What I wish to build?

19 Aug, 2021

In my two previous posts, I’ve detailed what I’ve been learning and working on in 2020 and 2021. In this post, I will detail the reasons behing my primary interests as I begin searching for opportunities upon graduation of my master’s degree (expected - March 2022).

My primary interests can be divided into a few core themes - Large-Scale Machine Learning, ML Developer Tools and MLOps, Distributed Systems and Platform and Infrastructure. These themes also have a lot of overlap. At this point, I am confident that these themes will remain my priority long into the future and I’ll highlight the reasoning for that below.

Large Scale Machine Learning

Over the last few years, we have seen a lot of progress in large neural networks with billions of parameters. Large language models started this trend and showed the importance of unsupervised and semi-supervised learning. Nowadays it seems that larger the model and data, the better the results. This is great, but this puts the bottleneck on compute and memory, both technically and socially. Technically speaking, getting hundereds of computers with multiple GPUs to coordinate to train a large neural model and then run inference on it is no easy task. Socially speaking, only those with access to hundreds of computers can even attempt to train such large models. This socio-technical challenge intrigues me, and I am excited about innovating and working on distributed systems problems dedicated to the specific use-case of large scale training and inference. I am also excited by initiatives that support large scale training in a decentralized way.

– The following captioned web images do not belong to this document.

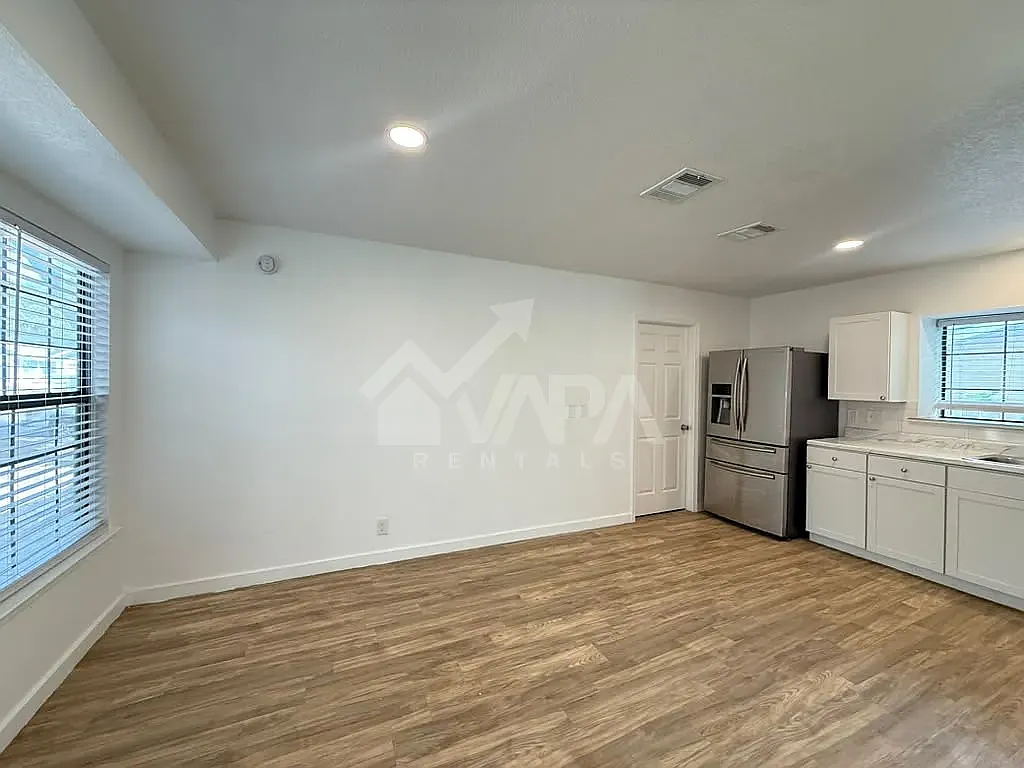 3 bed, 1511 sqft, $2,000 — Photo 4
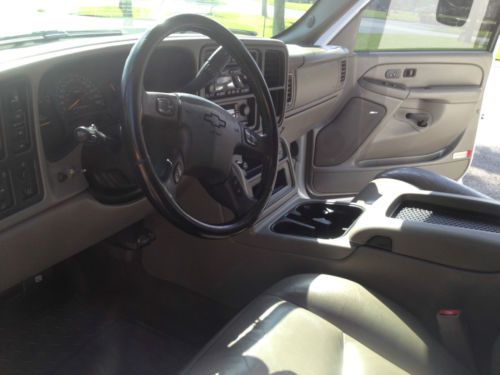 2006 Chevrolet Silverado 2500 HD LT Crew Cab Pickup 4-Door 6.6L / Train horns!, US $26,500.00, image 2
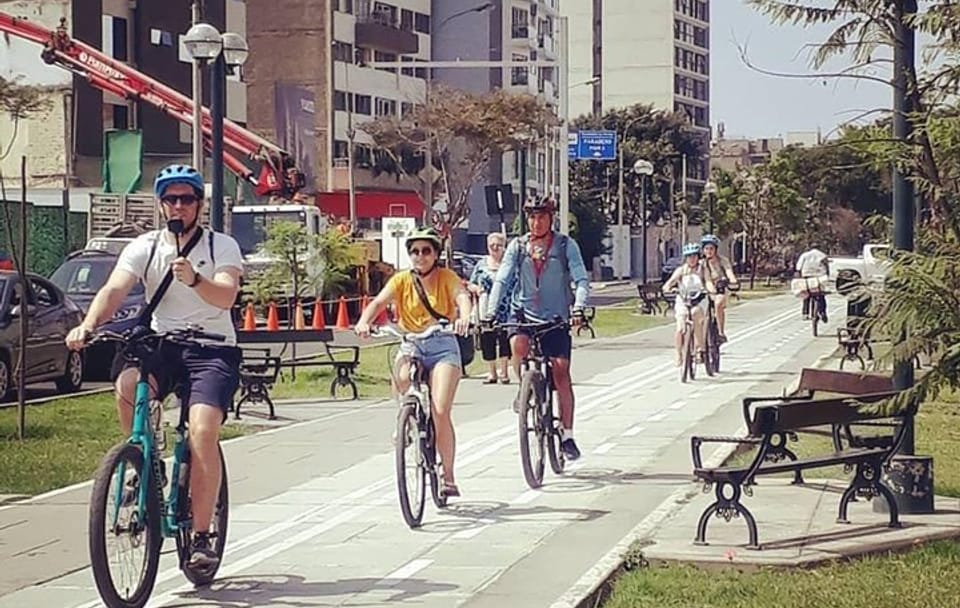 Guided Bike Tour of Miraflores and Barranco in Lima
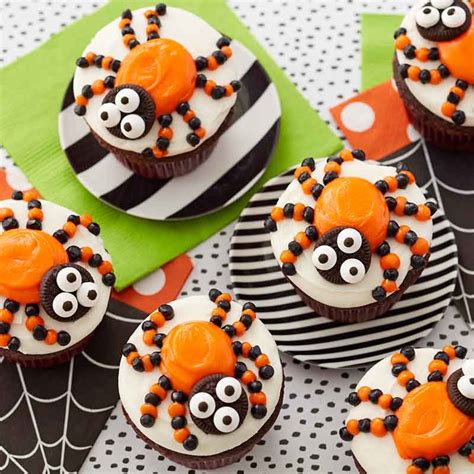 Spooky Halloween Spider Cupcakes - Wilton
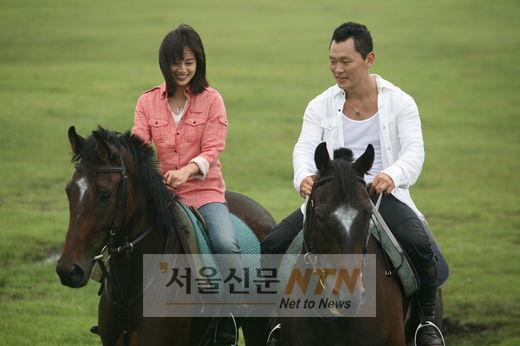 양동근, 김태희의 ‘병풍남’ 변신…자상 매력 ‘눈길’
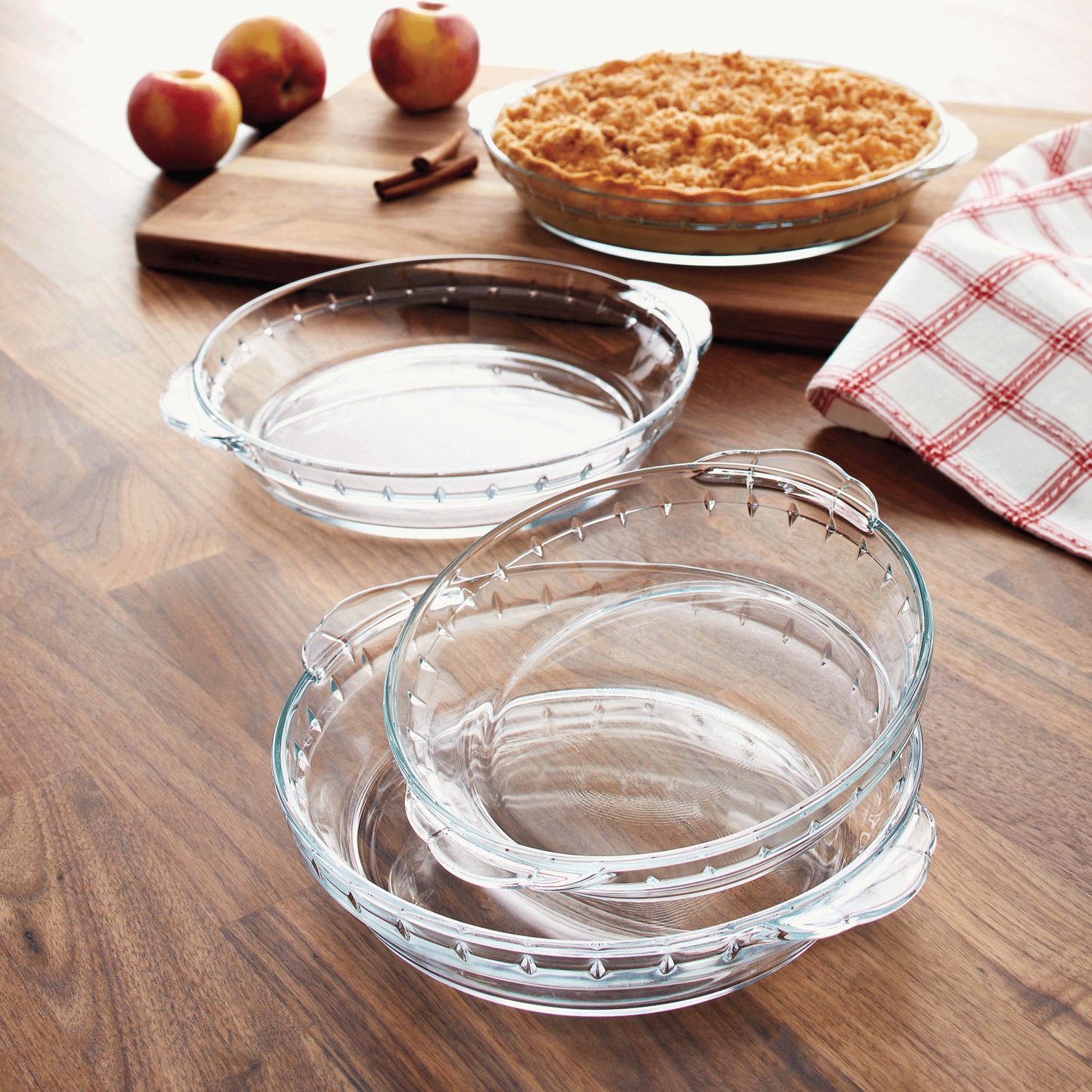 Pyrex Glass Fluted Pie Plate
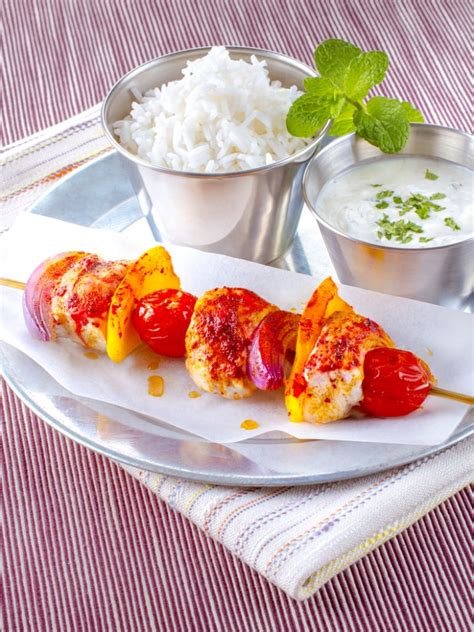 Brochettes de dinde marinées au tandoori sauce menthe yaourt All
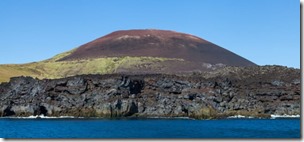 basal-sea-cliff-formed-volcanic-eruption-remains-icelands-dramatic-formation-1-640x293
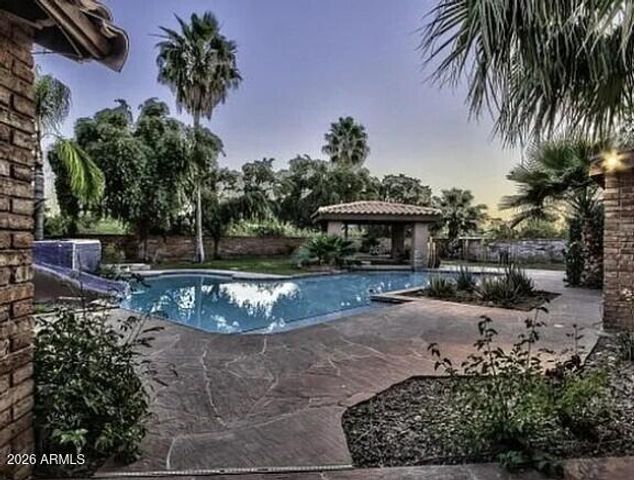 6723 E LINCOLN Drive, Paradise Valley, AZ 85253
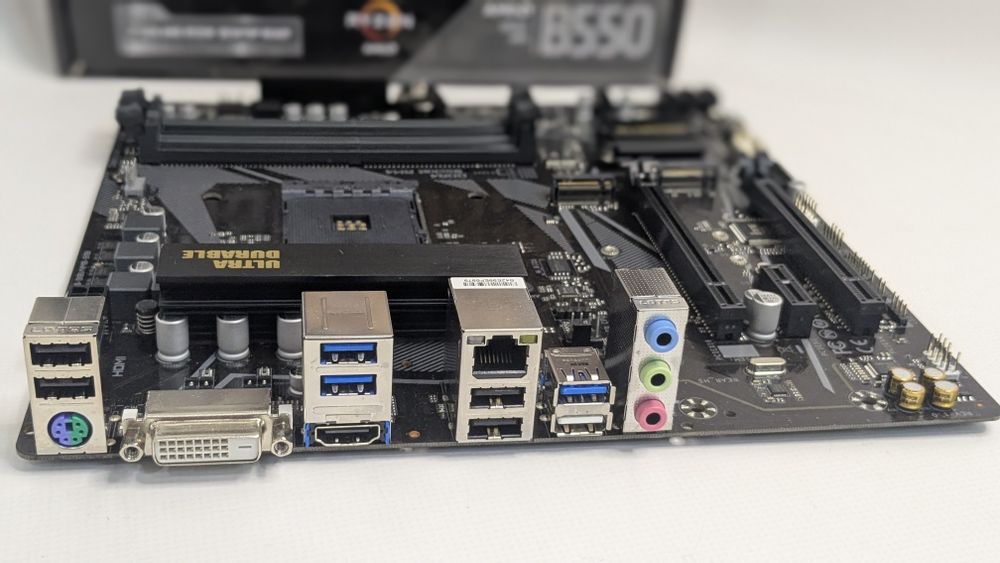 Материнська плата Gigabyte B550M DS3H (sAM4) ГАРАНТІЯ !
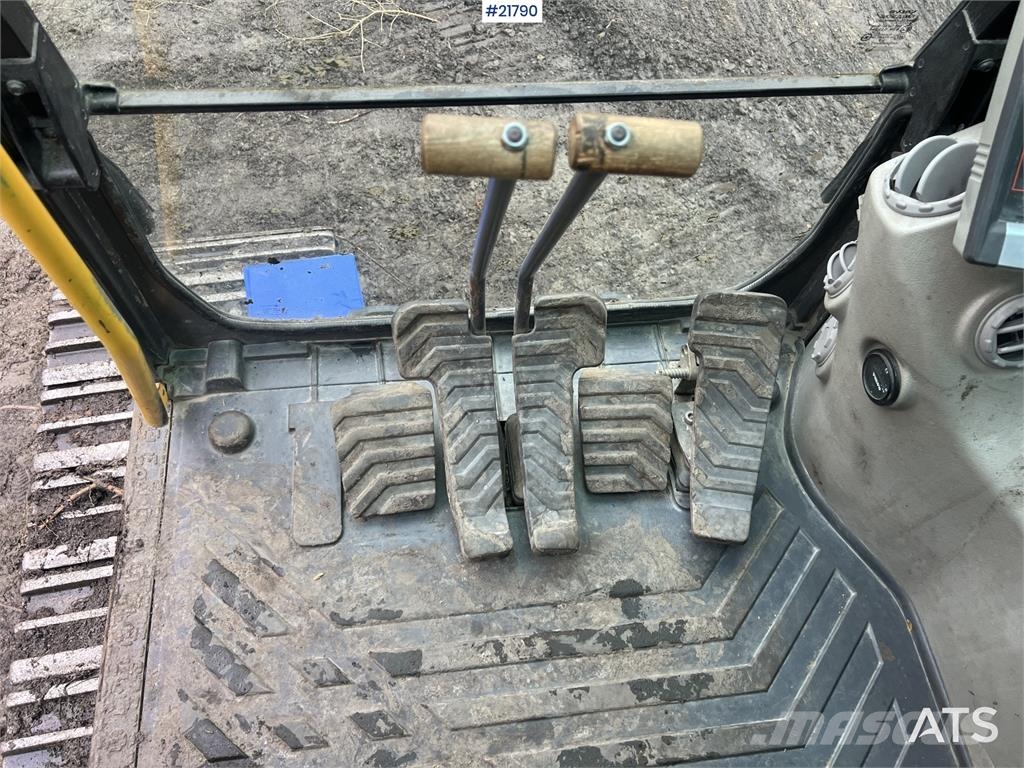 Volvo ec210cl excavator w/ rototilt, sanding bucket and  Escavadoras de rastos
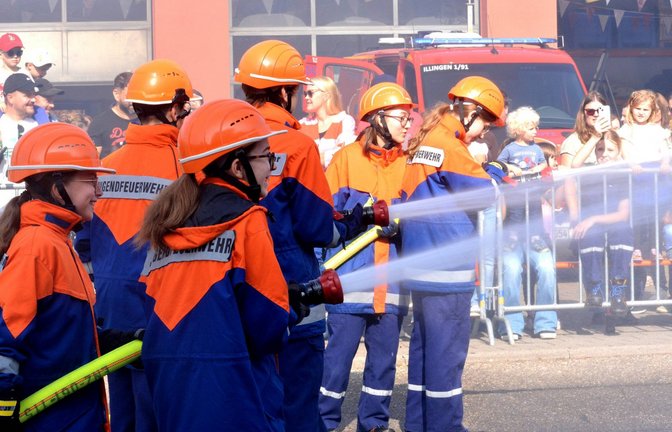 Zeigt ihr Können: die Jugendfeuerwehr bei einer Schauübung. <span class='image-autor'>Fotos: Stahlfeld</span>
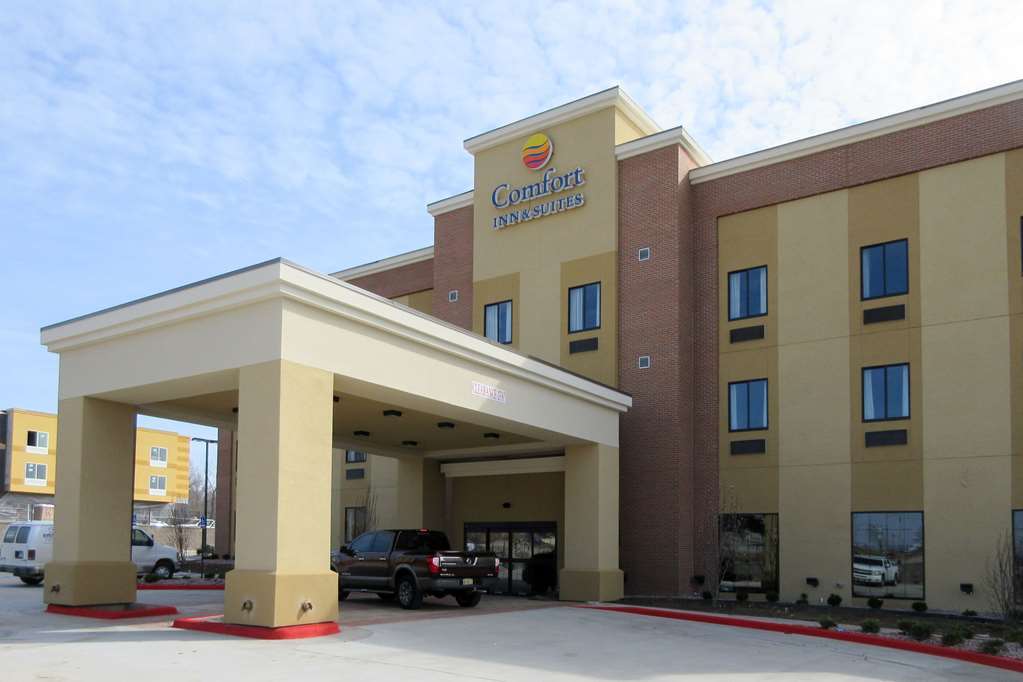 Comfort Inn & Suites Shawnee - Kansas City Exterior photo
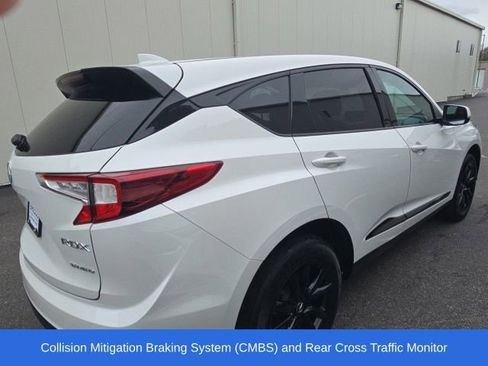 Used 2025 Acura RDX SH-AWD image 7
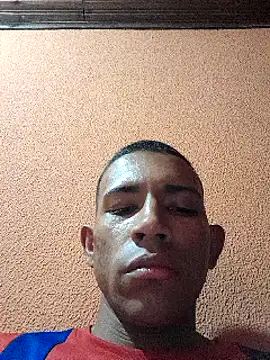 Snapshot of Mineirinho043 chatting on February 13, 10:22 pm Mineirinho043 online show from February 13, 10:22 pm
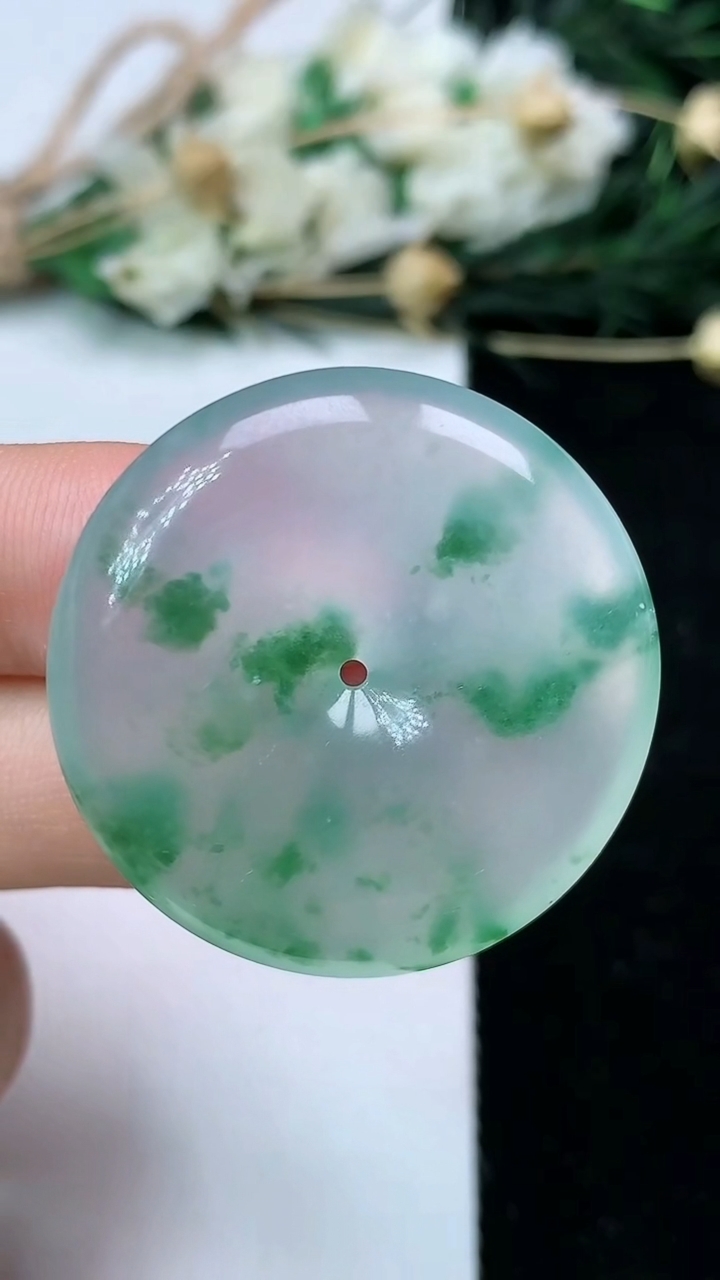天然A货翡翠平安扣吊坠，尺寸31.3-6，重量:12.53g
6月22日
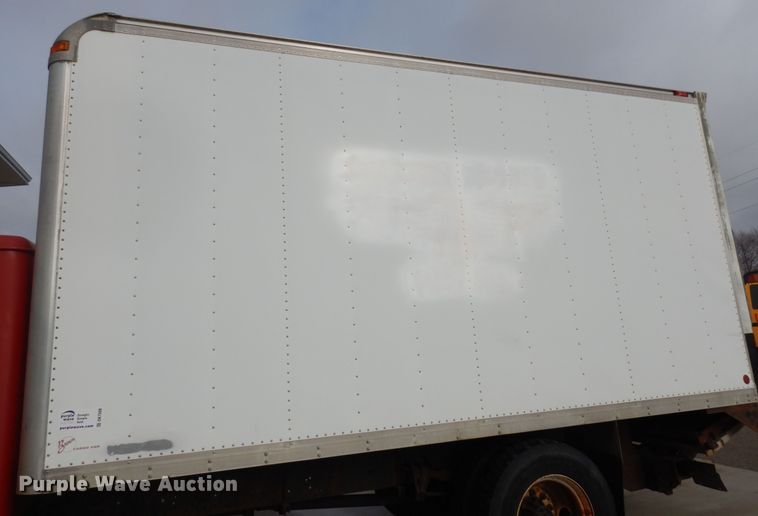 image for item DK7508 1998 International 4700  box truck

ML Developer Tools and MLOps

Research in Deep Learning and Machine Learning has come a long way over the past decade. However, applying that research to real world problems is not so straightforward. This has given rise to the entire field of MLOps and a number of startups have emerged that aim to do MLOps or provide MLOps as a service. While MLOps (amalgamation of ML and DevOps) focuses more on the infrastructure for the ML lifecycle, there’s also a pressing need for better developer tools and libraries for ML. While foundational frameworks like PyTorch and Tensorflow have greatly accelerated research, better libraries are necessary to make that research more accessible. Think about the Huggingface Transformers library, a few lines of Python code and you can use the latest neural networks in NLP in a breeze. This should be the benchmark for all forms of ML research.

Distributed Systems

Distributed Systems are ubiquitous in today’s day and age. It forms the backbone of the two themes I mentioned above. Everyone building software today seems to be using some distributed system directly or indirectly (through a cloud provider). Throughout my Software Engineering experience, I’ve used distributed systems almost everyday. From using queueing systems like Kafka while working as a Backend Engineer to provisioning and managing Kubernetes clusters with auto-scaling GPU nodes for ML training, I’ve been surrounded by distributed systems (and I assume most other software engineers are too). I always wondered how they worked under the hood. During my master’s, I got the chance to dive into how they work. I started by auditing the MIT course 6.824 on Distributed Systems and doing its labs. Continuing on this interest, I’ll also be taking a Big Data Systems course in Fall and working on some excited projects. In parallel, I’ve also been reading up on parallel computing and stuff like MPI. So far, I’ve been completely occupied by Distributed Systems and I feel the excitement of a child when learning about these. I am also very excited to actually build such systems. There’s so many aspects to get right, and there’s so many challenges. But these challenges are something I want to think about all the time, and so working on and building Distributed Systems remains my primary goal. Systems specific to any one of the other themes is like the perfect match.

Platform and Infrastructure

This theme goes tightly with Distributed Systems. Having experienced building and maintaining infrastructure on AWS and GCP, I aptly remember the pain points and the things that went well. This experience will help me think from a customer’s viewpoint while building distributed systems. On the other hand, having a knowledge of Distributed Systems will help me to build reliable, observable and available infrastructure. Working on projects that allow me to build infrastructure as well as the underlying systems used will help me better understand the complex processes in play and get a solid grip of the nuances and intricacies involved in complex software systems.

Summary

I’ve highlighted the four themes which I’m most interested in. However, this does not imply that these are the only topics I’d like to work on. Any software system solving a problem has thousands of moving parts, and in order to architect and build such systems it is necessary to explore as much as possible. For instance, distributed systems involves a solid understanding of networking so it helps to have explored networking ; Scale ML requires a basic understanding of the underlying algorithms; Any system requires a frontend for users to interact with (CLI, GUI, etc). I recently saw the Tesla AI Day event, and was amazed by their AI capabilities. But I was equally amazed by the complex system that enables such innovation. My ultimate dream is to be involved in building such a system. While following that journey, the pieces will automatically fall into place.